Performance
Quick stats
Quick stats in optimial conditions:
- jobs executed per second: ~183,000
- average latency from add_job to job execution start: 4.16ms (max: 13.84ms)
- jobs queued per second from single add_jobs batch call: ~202,000
- time to start and immediately shut down the worker: 68ms
The above stats were achieved with this configuration:
const preset = {
worker: {
connectionString: "postgres:///graphile_worker_perftest",
fileExtensions: [".js", ".cjs", ".mjs"],
concurrentJobs: 24,
maxPoolSize: 25,
// Batching options (see below)
localQueue: { size: 500 },
completeJobBatchDelay: 0,
failJobBatchDelay: 0,
},
};
Performance statement
graphile-worker is not intended to replace extremely high performance
dedicated job queues for Facebook scale, it's intended to give regular
organizations the fastest and easiest to set up job queue we can achieve without
needing to expand your infrastructure beyond Node.js and PostgreSQL. But this
doesn't mean it's a slouch by any means — it achieves an average
latency from triggering a job in one process to executing it in another of under
5ms, and a well-specced database server can queue around 172,000 jobs per second
from a single PostgreSQL client, and can process around 196k jobs per second
using a pool of 4 Graphile Worker instances, each with concurrency set to 24.
For many organizations, this is more than they'll ever need.
Horizontal scaling
graphile-worker is horizontally scalable to a point. Each instance has a
customizable worker pool, this pool defaults to size 1 (only one job at a time
on this worker) but depending on the nature of your tasks (i.e. assuming
they're not compute-heavy) you will likely want to set this higher to
benefit from Node.js' concurrency. If your tasks are compute heavy you may
still wish to set it higher and then using Node's child_process or
worker_threads to share the compute load over multiple cores without
significantly impacting the main worker's run loop.
Batching
Graphile Worker is limited by the performance of the underlying Postgres database; when you hit this limit, performance will start to go down (rather than up) as you add more workers. To mitigate this, batching functionality can be enabled via the configuration. If you have a high throughput job queue (even intermittently) we recommend that you enable batching; the settings to use will depend on your setup, but consider these as a starting point:
let concurrentJobs = 10; // Set this to whatever suits
const preset = {
worker: {
concurrentJobs,
// Sensible default for local queue size: one more than concurrency
localQueue: { size: concurrentJobs + 1 },
completeJobBatchDelay: 250,
failJobBatchDelay: 250,
},
};
Read on for more details.
localQueue
The local queue feature is disabled by default, but it can have a significant impact on high throughput queues, both reducing database load and increasing throughput - sometimes by an order of magnitude!

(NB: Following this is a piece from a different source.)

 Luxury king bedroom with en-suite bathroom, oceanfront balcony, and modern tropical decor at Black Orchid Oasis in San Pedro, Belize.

The local queue enables each pool to pull down a configurable number of jobs up front so its workers can start a new job the moment their previous one completes without having to request a new job from the database. This batching also reduces load on the database since there are fewer total queries per second, and table scans are allowed to return additional results. However, it's a trade-off since more jobs are checked out (locked) but not necessarily actively being worked on, so:
- if a worker doesn't exit gracefully (e.g. it crashes or is forcefully killed), more jobs will remain locked and unable to execute until the 4 hour limit expires. (Mitigation: Graphile Worker Pro.)
- execution latency may increase if jobs exist in one worker's local queue
whilst another worker sits idle. (Mitigation:
preset.worker.localQueue.ttldetermines how long tasks may sit in the local queue without being worked on.)

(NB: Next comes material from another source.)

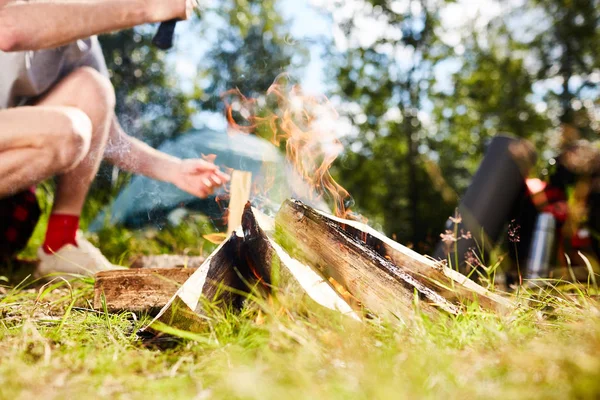 年轻童子军在夏天的旅途中 在草地上为篝火修剪木柴 — 图库照片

If your tasks are somewhat slow (taking many tens of seconds or more) and your
throughput is very low or you need high priority tasks to be executed ASAP then
you should set your localQueue size to either a low number (2+) or disable it
entirely (-1). When doing so, you can leave completeJobBatchDelay and
failJobBatchDelay enabled.
completeJobBatchDelay / failJobBatchDelay
These methods cause job releasing (complete/fail) to become asynchronous, allowing multiple completes/fails in a small window of time to be released via the same roundtrip to the database, significantly reducing load on the database and WAL churn.
The trade-off is that jobs will not be released immediately, so in the event of a catastrophic failure (worker crash or forced termination) more jobs may be left in the locked state than otherwise. So long as you ensure that your workers always exit cleanly/gracefully, these delays can significantly reduce database load and improve throughput with minimal additional risk.

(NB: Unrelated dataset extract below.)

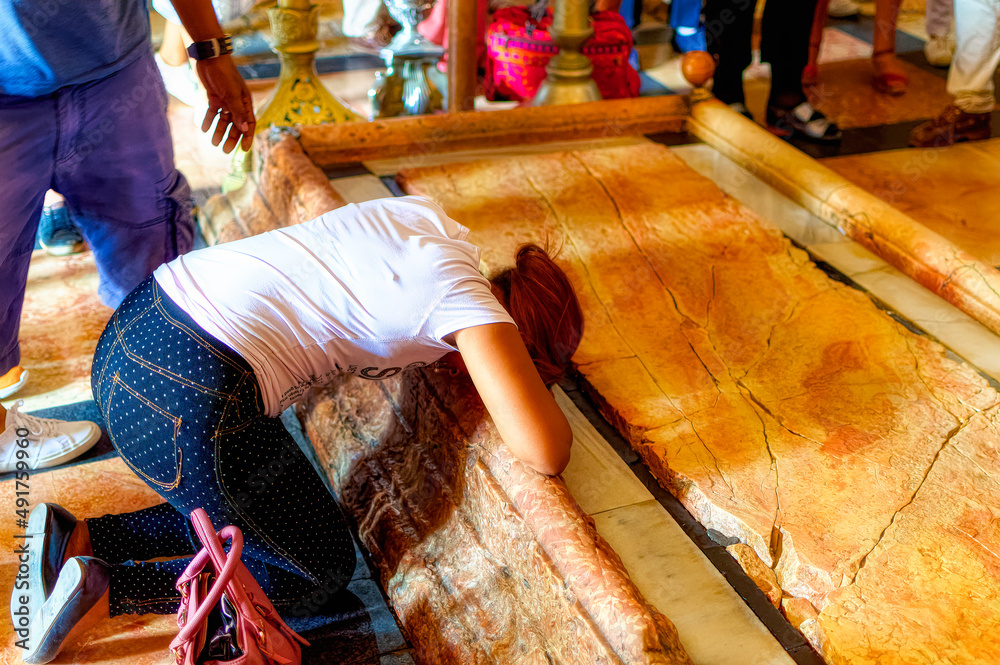 Christian pilgrims at The Stone of Anointing, where Jesus' body is said to have been anointed before burial in Jerusalem, Israel.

In general, we'd advise all users to enable these settings, even if they are set
to 0 for minimal delay. 250 seems a reasonable default - release jobs at
most once every quarter of a second.
Running the performance tests
To test performance, you can check out the repository and then run
yarn perfTest. This runs three tests:
- a startup/shutdown test to see how fast the worker can startup and exit if there's no jobs queued (this includes connecting to the database and ensuring the migrations are up to date)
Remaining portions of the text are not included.